Validation of statistical model and optimization through wet lab

The mathematical model and the optimization were experimentally validated by culturing NIISTA30 under unoptimized and optimized levels of variables at pH 7.0 and 35 ± 2°C for 7 days. After incubation, the antimicrobial metabolite was extracted twice with equal volume of ethyl acetate and dried extract (350 mg/L) was suspended in 100 μl methanol and assayed as above for antibacterial activity.

Auto biographic test

The ethyl acetate crude extract was evaluated for antibacterial activity through autobiographic agar overlay method [23]. For this, the developed TLC plate was air dried and encased in a sterile Petriplate and overlaid with nutrient agar medium containing 0.6% agar inoculated with test bacterial suspension. The plates were then incubated at 37°C and zone of inhibition around the spots were observed after 24 h.

Statistical analysis

All data regarding antibacterial activity were subjected to statistical analysis using SPSS software package (Windows version 20.0; IBM SPSS) and expressed as mean± SD. Graphs were plotted using a computer program Origin Pro 8 (Origin Lab, Corporation, USA)

Results

Site, sample collection and isolation of Streptomyces strains

From the soil samples collected from the different parts of Nelliyampathy Forest site, 140 morphologically different Streptomyces strains were isolated. The strains were checked for their purity in AIA and PDA plates and stored on PDA slants, as PDA slants shown better shelf life organisms than AIA and ISP4.

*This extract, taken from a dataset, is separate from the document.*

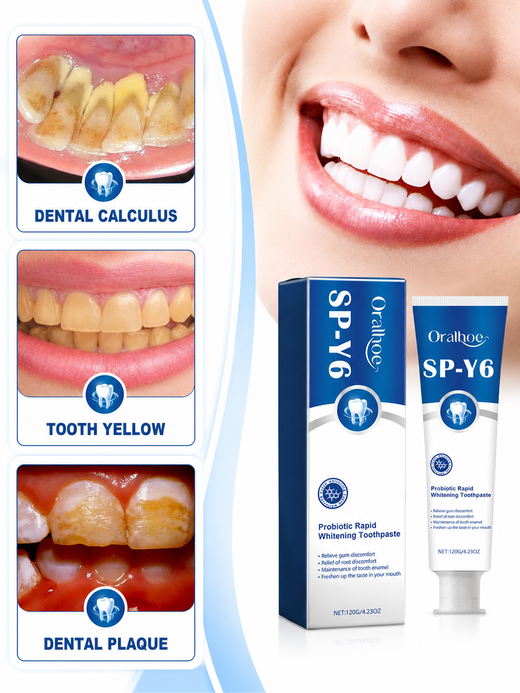Probiotic Whitening Toothpaste — Rapid Whitening & Gum Comfort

Antibacterial studies using live Streptomyces strains

In primary screening, 16 strains recorded activity against both the indicator test organisms, S. aureus and E. coli. Sixty-eight strains exhibited antibacterial activity against S. aureus whereas 56 strains showed activity against E. coli. Out of these strains, NIIST A30 displayed maximum activity against both indicator pathogens (44 and 40 mm against S. aureus and E. coli respectively).

Secondary screening was done with 16 strains against eleven pathogenic bacteria of which NIIST A30 exhibited maximum zone of inhibition against all the test pathogens (data not shown). S. epidermidis was the most inhibited (56 mm) whereas S. typhi (33 mm) was the least inhibited (Table 1). Thus, the strain NIIST A30 was selected for further detailed investigations.

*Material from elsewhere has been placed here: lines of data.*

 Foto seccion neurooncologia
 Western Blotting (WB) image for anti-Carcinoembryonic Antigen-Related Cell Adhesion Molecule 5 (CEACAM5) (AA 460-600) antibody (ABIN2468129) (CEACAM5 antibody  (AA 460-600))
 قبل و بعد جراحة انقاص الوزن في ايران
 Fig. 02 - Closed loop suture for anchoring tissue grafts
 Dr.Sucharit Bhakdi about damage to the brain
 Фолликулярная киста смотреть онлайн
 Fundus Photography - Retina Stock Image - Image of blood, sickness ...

Table 1. In vitro antibacterial activity of NIIST A30 against test pathogens.

Test pathogen Zone of inhibition (mm)
Bacillus cereus 41±1.15*
Bacillus subtilis 38±0.57
Escherichia coli 42±2
Klebsiella pneumoniae 43±1
Mycobacterium smegmatis 32±2.5
Pseudomonas aeruginosa 49±1.15
Proteus mirabilis 53±1.15
Salmonella typhi 29±1.15
Staphylococcus aureus 49±1.15
Staphylococcus epidermidis 59±1.15
Staphylococcus simulans 54±1.73

* Values are average from three readings.

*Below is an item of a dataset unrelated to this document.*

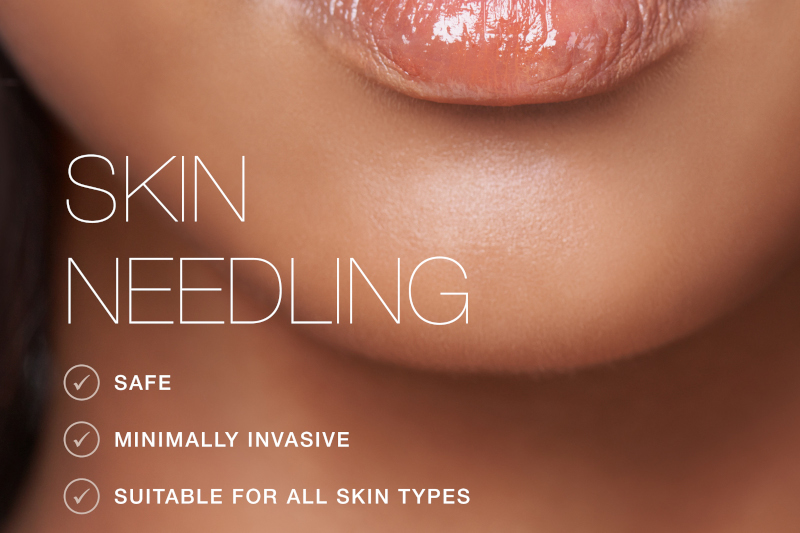Mesopen Microneedling | For Skin of All Ages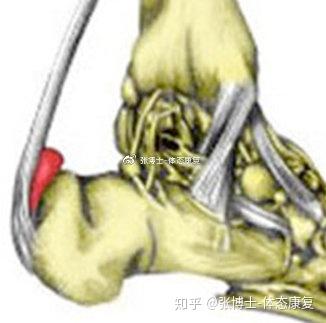 跟腱滑囊炎,也称为跟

Morphological, cultural and physiological characterization

The data regarding morphological, cultural and physiological characterization was as shown in supplementary attachments (see Table A, Table B, Table C and Table D in S1 File). Scanning electron microscopic examination showed that the strain formed extensively branched, non- fragmented substrate and arial mycelia. The spore chain morphology of the strain was straight and rectiflexible with smooth surface with less than 50 spores in a chain (Fig 1).

Fig 1. Scanning electron microscopic image of spore arrangement.

Fig 1

Molecular characterization NIIST A30

Genomic DNA isolated from the strain was amplified using universal primers for 16S rRNA. The PCR product showed 1500 bp band on gel electrophoresis was sequenced. The high quality sequence was aligned using Clustal W software. Sequence similarity was done by using Ez taxon database. The 16S rRNA partial sequence was deposited in GenBank data library with an accession No. KX190774.1.The phylogenetic tree was drawn with the help of Mega 6.0 Version software using neighbour joining method. Phylogenetic analysis showed that the strain is identified as Streptomyces nogalater with 100% similarity (Fig 2).

Fig 2. Phylogenetic tree showing the evolutionary relationship of the strain Streptomyces nogalater NIIST A30 with its related species.

Fig 2

Standardization of optimal fermentation media for significant antibacterial metabolite activity

Among the eight media tested, maximum metabolite production (180 mg/L) and antibacterial activity was recorded in ISP4 followed by glucose soybean meal and yeast malt broth (Table 2).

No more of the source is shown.